TOTABUAN.CO – Kenaikan anggaran tunjangan uang muka mobil pejabat jadi sorotan. Kebijakan yang diatur dalam Peraturan Presiden (Perpres) ini mengalami banyak penolakan.
Dari data yang ada, tercatat dari 753 pejabat yang menerima anggaran tersebut, sebanyak 683 di antaranya merupakan anggota DPR dan DPD.
Wakil Ketua DPR Fahri Hamzah tidak terlalu mempersoalkan hal ini. Setengah bercanda, dia menyarankan anggota Dewan berjalan kaki saja ke kompleks parlemen.

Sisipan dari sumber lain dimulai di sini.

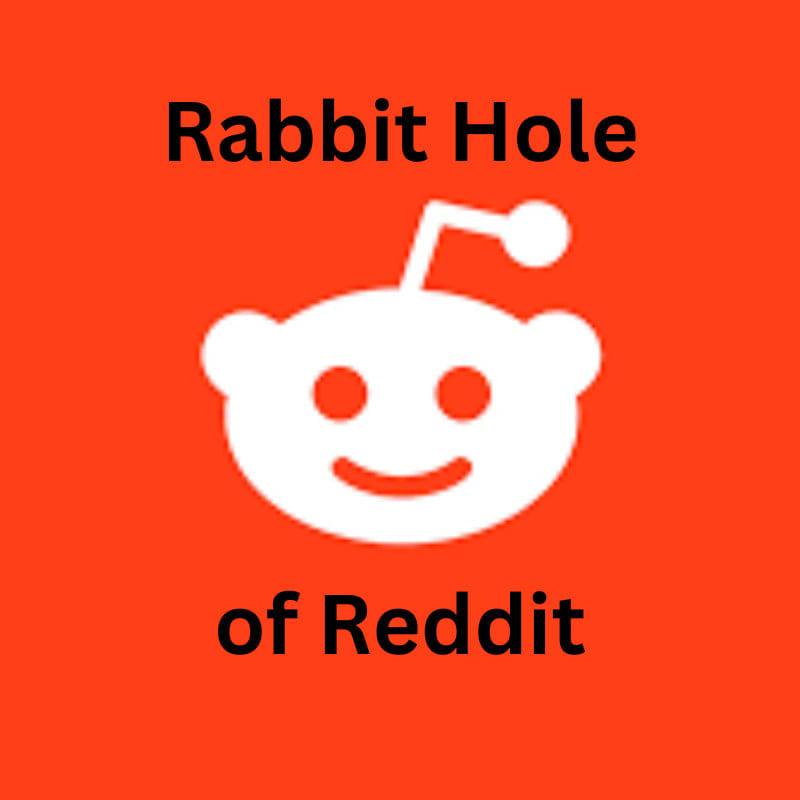Rabbit hole of Reddit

“Saya mengusulkan anggota Dewan enggak boleh pakai kendaraan dan harus difasilitasi. (Perumahan Dewan di) Kalibata jual aja. Pemerintah enggak perlu kasih perumahan Kalibata. Sehingga dengan demikian anggota DPR jalan kaki sampai ruang sidang, biar enggak (sakit) stroke,” seloroh dia di Kompleks Parlemen, Senayan, Jakarta, Senin (6/4/2015)
Anggaran mobil dinas sebenarnya merupakan anggaran rutin. Uang tunjangan kendaraan ini selalu dianggarkan tiap tahun.
Politikus PKS itu mengatakan, anggaran tunjangan uang muka kendaraan dinas pejabat harus dijelaskan secara transparan. Pemerintah dan DPR harus menjelaskan bagaimana proses munculnya mata anggaran itu.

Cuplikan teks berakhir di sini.